Araştırmanın akıllı şehri CURIOCITY'nin gerçekleştirdiği “+1 Anında Türkiye” araştırması, katılımcıların ekonomik, politik, sosyal, küresel ve yerel, tüm değişim, dönüşüm ve belirsizliklerle yarını ön görememe ve kendini güvende hissedememe sıkıntılarını yaşadıklarını ortaya koydu.
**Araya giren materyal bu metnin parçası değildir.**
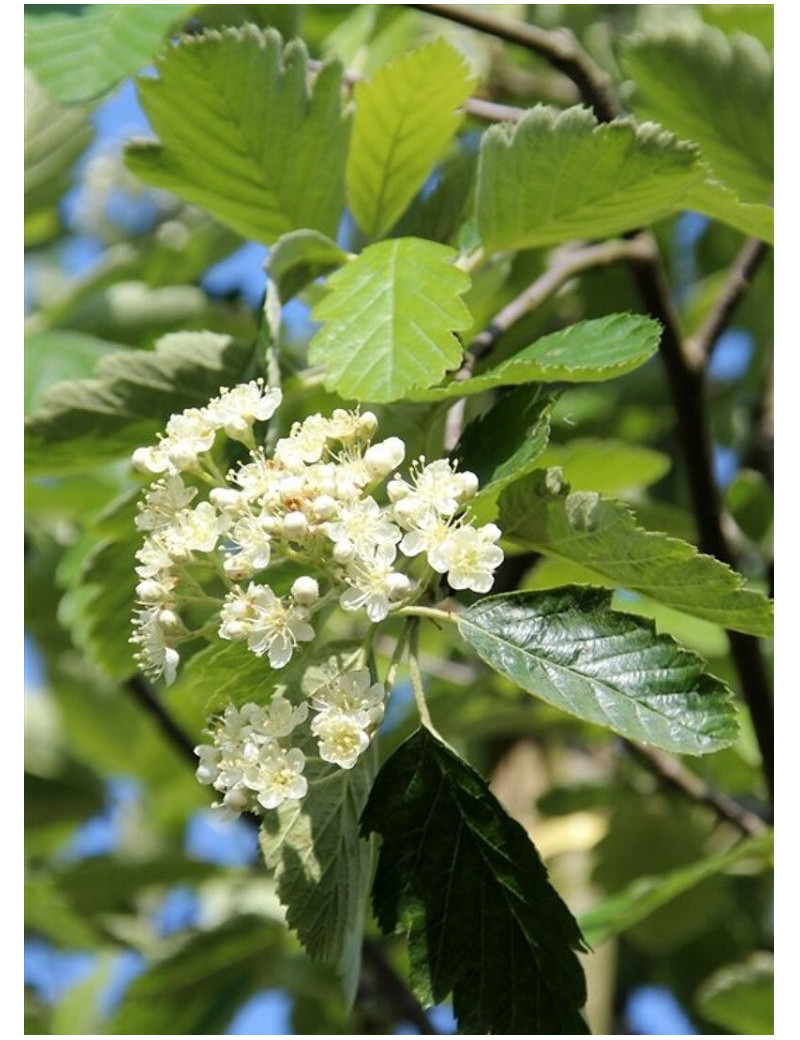 SORBUS intermedia BROUWERS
Özellikle eğitimliler ve ortanın üstündeki sosyo-ekonomik düzeydekiler arasında yüzde 85'e varan bir oranda güvenli yarına duyulan özlem yer alıyor.
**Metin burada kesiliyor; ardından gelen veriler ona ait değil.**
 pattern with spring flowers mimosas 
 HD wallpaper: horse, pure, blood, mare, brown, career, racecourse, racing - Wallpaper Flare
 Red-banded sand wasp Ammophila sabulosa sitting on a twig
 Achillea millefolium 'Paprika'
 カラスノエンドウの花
Geleneksel araştırma yöntemlerini yeni nesil teknolojilerle harmanlayan “araştırmanın akıllı şehri” CURIOCITY Araştırma ve Danışmanlık Şirketi; Cumhuriyetin kuruluş ilkeleri ve değerlerinin güvencesi ile millet olmanın güçlü temelini atan değer ve duygu bütünlüğünün analizini yapmak üzere “+1 Anında Türkiye” araştırmasını gerçekleştirdi.
18-23 Ekim 2023 tarihlerinde, kantitatif veri toplama tekniklerinden CAWI (çevrimiçi anket) tekniği kullanılarak, 18-65 yaşlarında 600 kadın ve erkek ile görüşüldü.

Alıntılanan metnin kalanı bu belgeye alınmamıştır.